When it first opened in 1992, David Mamet’s Oleanna kicked up a tremendous fuss. He’d tackled themes of gender, power, and political correctness, and viewers and critics were evenly split on whether he’d done so brilliantly or boorishly. The issue was hot: Susan Faludi had published Backlash: The Undeclared War Against Women the year before, forcing a generation of young women out of their complacency. Michael Crichton’s novel Disclosure about a man who gets manipulated by his female boss (and the icky Michael Douglas movie that resulted) were just two years away from release. The discussion of male power and privilege, and how women could take their place in the world without becoming villains in turn, was blazing.
Into this inferno, Mamet dropped the story of a young student approaching her professor for help, and then eventually bringing him down with her allegations of abuse and impropriety. It’s a gutsy piece of work for Playhouse West, and the current production illustrates how some questions — both those raised by the text, and larger ones about the audience’s prejudices — still have not been answered satisfactorily.
Criticism that Oleanna is anti-woman is oversimplified. Mamet does address male privilege and the way a man can get lost in it. Even though we know some of Carol’s accusations are groundless because we’ve seen what they’re based on, we also see that John may be capable of much worse. Thus, much of what audience members take away is based on their own preconceptions, which is Mamet’s point. He’s playing with audience members, forcing them to confront the lens through which they view not only the work but the world. What kind of angry Oleanna will make you has everything to do with what you bring to it. Who is the victim and who the villain? Have we gone too far in trying to legislate other people’s behavior? Are we moving away from creating the just society envisioned by generations of feminists? These are meaty questions, ones that director Lois Grandi’s production lays out in a welter of steadily building tension and perfectly paced overlapping dialogue.
This is some of the strongest work I’ve seen from Robert Hamm, who portrays John. Over the three short acts he moves seamlessly from jovial and expansive to small, stuttering, and clenched with rage, without overdoing it. It’s a broader range than he showed in Ariel or Endgame; Grandi uses him well, balancing him against Lisa Morrison’s time bomb of a Carol, who has some especially nice moments near the end where she starts to realize what exactly she’s done.
That said, Oleanna itself — not this admirably taut production — could have been more effective and more subtle. Mamet could have made Carol less of a stalking horse to cover his point about political correctness. Which isn’t surprising — Mamet writes women clumsily.
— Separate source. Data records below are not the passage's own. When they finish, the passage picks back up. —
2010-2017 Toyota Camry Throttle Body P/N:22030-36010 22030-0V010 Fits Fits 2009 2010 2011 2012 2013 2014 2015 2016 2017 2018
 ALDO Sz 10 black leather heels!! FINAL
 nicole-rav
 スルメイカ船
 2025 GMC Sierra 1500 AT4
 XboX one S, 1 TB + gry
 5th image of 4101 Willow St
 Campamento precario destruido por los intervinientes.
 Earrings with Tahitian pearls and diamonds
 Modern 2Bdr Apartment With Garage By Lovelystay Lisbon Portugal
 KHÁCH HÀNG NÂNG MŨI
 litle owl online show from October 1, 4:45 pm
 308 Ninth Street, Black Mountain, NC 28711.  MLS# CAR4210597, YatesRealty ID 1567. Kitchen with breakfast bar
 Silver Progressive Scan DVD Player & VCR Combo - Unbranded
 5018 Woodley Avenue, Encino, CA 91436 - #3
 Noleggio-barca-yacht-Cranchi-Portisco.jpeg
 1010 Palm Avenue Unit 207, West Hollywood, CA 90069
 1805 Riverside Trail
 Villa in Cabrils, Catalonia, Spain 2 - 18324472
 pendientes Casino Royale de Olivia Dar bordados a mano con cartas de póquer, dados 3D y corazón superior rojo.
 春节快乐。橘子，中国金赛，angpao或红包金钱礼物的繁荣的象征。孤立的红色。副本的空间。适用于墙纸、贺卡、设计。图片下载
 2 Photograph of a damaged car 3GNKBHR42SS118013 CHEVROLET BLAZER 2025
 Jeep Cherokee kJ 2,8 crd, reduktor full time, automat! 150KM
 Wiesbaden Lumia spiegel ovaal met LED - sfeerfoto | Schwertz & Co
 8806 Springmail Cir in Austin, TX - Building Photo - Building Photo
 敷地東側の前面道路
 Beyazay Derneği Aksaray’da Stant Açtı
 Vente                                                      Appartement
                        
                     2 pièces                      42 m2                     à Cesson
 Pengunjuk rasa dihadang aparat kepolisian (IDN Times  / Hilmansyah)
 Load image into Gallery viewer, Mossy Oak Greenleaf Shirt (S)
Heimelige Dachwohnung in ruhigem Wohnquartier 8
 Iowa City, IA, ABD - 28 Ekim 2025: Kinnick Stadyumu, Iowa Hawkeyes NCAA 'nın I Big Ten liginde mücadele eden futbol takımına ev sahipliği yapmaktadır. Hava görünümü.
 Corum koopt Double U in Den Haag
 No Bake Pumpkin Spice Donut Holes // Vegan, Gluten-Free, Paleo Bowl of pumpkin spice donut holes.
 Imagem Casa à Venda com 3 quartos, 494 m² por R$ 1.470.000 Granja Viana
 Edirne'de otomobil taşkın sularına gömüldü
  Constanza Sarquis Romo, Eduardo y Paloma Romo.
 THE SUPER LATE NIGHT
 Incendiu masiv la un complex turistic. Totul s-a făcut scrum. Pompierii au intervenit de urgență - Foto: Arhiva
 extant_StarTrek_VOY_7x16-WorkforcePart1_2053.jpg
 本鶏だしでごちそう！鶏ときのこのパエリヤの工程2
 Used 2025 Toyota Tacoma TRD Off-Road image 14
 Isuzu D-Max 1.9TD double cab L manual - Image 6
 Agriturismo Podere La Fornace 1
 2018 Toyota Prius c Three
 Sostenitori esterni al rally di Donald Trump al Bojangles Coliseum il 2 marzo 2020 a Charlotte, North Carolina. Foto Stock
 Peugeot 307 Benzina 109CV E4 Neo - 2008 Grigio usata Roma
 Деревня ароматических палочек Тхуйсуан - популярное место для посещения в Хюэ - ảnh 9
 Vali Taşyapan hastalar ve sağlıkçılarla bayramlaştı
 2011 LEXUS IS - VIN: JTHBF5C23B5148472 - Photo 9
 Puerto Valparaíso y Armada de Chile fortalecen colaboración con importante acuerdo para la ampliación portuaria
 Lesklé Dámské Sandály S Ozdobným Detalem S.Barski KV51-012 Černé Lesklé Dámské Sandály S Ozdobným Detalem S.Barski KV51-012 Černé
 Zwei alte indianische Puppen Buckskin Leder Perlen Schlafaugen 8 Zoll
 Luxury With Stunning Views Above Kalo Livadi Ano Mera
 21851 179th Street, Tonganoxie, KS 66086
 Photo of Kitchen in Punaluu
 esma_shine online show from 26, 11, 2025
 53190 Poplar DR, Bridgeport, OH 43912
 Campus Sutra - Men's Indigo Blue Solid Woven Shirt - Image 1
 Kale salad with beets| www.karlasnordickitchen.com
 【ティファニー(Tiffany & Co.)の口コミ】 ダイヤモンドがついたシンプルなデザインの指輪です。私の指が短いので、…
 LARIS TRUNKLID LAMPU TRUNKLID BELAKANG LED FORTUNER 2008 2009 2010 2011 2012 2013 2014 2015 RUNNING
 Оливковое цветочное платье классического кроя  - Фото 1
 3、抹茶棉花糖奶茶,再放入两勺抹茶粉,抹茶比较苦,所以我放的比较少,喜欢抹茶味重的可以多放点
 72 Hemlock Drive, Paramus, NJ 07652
How can a woman who doesn’t know what the words “paradigm,” “indictment,” or “predilection” mean suddenly break out constructions like “my charges are not trivial. You see that in the haste with which they were accepted”? Scholars talk about the “gaps” or “lacunae” with which Mamet likes to challenge his audience, unexplained leaps such as the one from the inarticulate Carol of the first act to the surgically precise one of the third. Others suggest that Carol is brighter than she first appears, and is setting John up. A third possibility is that she’s not speaking her own words but parroting the mysterious “group” she starts referencing in the second act. But it’s also completely possible that Mamet just doesn’t write women who sound real. At least at Playhouse West the questions — and impact — are.